A California state appellate court, in Liss v. FINRA, recently held that the earlier trial court’s earlier decision — that FINRA’s Rule 2080 was the only path to expungement of material from the CRD — was wrongfully decided.  Importantly, the information in the CRD record need not be erroneous to seek expungement. It could be still true but arguably no longer relevant due to the amount of time between the events in question and the present day.

FINRA Rule 2080 requires the person seeking expungement to include FINRA as a party to any expungement case brought in state or federal court. FINRA’s Rule 2080 requires proving two additional items. First, the fact finder – court or arbitration panel – must make an affirmative finding. Courts routinely do this but arbitrators do not. Indeed, FINRA arbitration panels will not provide an explanation unless all parties unanimously agree by certain case milestones. Second, that finding must demonstrate one of the following occurred: (i) the claim, allegation or information is factually impossible or clearly erroneous; (ii) the registered person was not involved in the alleged investment-related sales practice violation, forgery, theft, misappropriation or conversion of funds; or (iii) the claim, allegation or information is false.
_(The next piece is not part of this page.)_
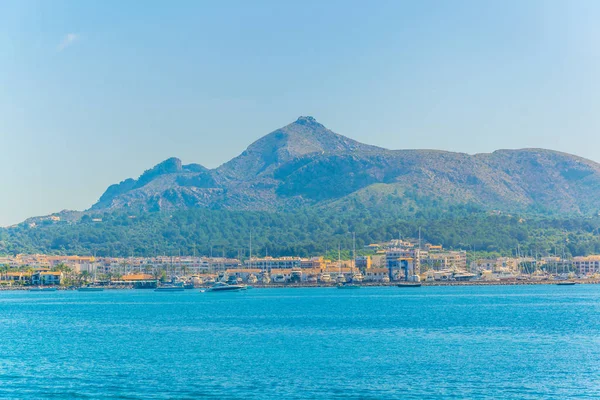 Bir Port d'Alcudia, Mallorca, Spai deniz görünümü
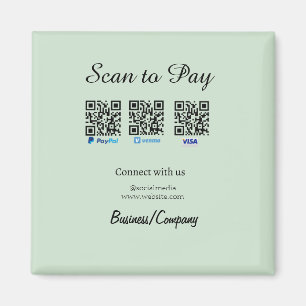 Íman paypal venmo cartão visa scan para pagar QR mídia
Those are high hurdles for FINRA arbitration where discovery is more limited, no written opinion generally need be given and often no explanation for a decision is given.

In Liss v. FINRA, registered representative Mr. Liss requested the court use its inherent equitable powers to affect the expungement.  Equitable powers essentially means invoking the Court’s conscience to obtain relief aside from an award of money. In the case of expungement, the court must weigh the hardship to the individual with the protection afforded to society by the information being in the records.

Mr. Liss, believed the following factors warranted expungement.   All complaints on his CRD record were related to only one security. Every complaint was more than fifteen (15) years old, and he has had an unblemished record since the incidents in question. Importantly, Mr. Liss filed an affidavit that he suffered professional and financial hardship due to current and potential clients using the Internet to obtain his Broker Check history.

The Liss court latched onto something mentioned in the SEC Release approving FINRA Rule 2080: whether or not continued inclusion of the allegation(s) in the CRD have “regulatory value.”  That standard has been utilized by two other federal courts.

Why is the Liss decision so important? It demonstrates that this court believes that FINRA’s requirements in Rule 2080 are not the exclusive way to get materials erased from the CRD system despite FINRA’s arguments to the contrary. While the Liss decision is helpful to those seeking expungement, the downside to court based expungement includes its expense and the lack of privacy.